The Federal Housing Administration has announced plans to reduce its stake in the market, an indication it sees some signs of strength in real estate.
The agency, which insures low down-payment mortgages, is reducing the upper limits of what it will backstop in areas where home prices are high.
Starting in the new year, the biggest cap in these areas will drop to $625,500 from $729,750. Limits will be set lower in about 650 counties as a result, the agency said.
The FHA will maintain current limits in areas where home prices are lower and said the move will allow it to refocus on less wealthy homebuyers.
The agency stepped in amid the housing market meltdown -- which was at the core of the 2008 financial crisis -- and raised limits so it could help more homebuyers. The FHA said the program quadrupled its activity "as the private market retreated."

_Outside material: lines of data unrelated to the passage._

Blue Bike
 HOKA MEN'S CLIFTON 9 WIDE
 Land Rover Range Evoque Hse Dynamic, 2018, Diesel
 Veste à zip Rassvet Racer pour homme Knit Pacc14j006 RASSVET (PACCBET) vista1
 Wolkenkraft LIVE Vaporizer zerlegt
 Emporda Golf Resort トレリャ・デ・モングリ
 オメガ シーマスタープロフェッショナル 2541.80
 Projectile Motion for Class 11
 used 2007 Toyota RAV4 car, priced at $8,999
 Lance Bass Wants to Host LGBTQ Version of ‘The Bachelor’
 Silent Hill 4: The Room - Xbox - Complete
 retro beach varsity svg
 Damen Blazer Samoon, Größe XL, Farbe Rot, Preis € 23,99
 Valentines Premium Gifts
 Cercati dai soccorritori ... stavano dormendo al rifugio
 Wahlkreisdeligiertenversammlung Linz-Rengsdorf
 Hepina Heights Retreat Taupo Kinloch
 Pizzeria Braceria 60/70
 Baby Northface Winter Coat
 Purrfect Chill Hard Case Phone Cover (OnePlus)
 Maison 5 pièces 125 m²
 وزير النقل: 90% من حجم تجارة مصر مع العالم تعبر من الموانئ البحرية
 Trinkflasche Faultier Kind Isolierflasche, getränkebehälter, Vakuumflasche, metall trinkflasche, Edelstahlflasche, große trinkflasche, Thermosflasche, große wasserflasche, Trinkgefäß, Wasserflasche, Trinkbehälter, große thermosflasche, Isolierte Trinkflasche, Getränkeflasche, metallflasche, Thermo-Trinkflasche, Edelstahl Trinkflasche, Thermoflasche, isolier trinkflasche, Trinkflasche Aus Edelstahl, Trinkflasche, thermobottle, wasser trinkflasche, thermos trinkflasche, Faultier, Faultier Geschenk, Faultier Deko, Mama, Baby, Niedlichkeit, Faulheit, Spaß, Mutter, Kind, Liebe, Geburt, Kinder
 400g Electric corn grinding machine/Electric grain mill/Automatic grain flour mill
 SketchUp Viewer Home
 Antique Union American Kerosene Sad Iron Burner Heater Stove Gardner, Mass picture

But by doing so, it took also significant hits from defaults, and the agency has been trying to right its own balance sheet.
FHA Commissioner Carol Galante said the new changes are "an important and appropriate step as private capital returns to portions of the market and enables FHA to concentrate on those borrowers that are still underserved."
The agency does not make home loans, but insures lenders against losses, allowing buyers who can afford as little as a 3.5% down payment to receive a mortgage.
The FHA says it currently has nearly 5 million mortgages in its portfolio.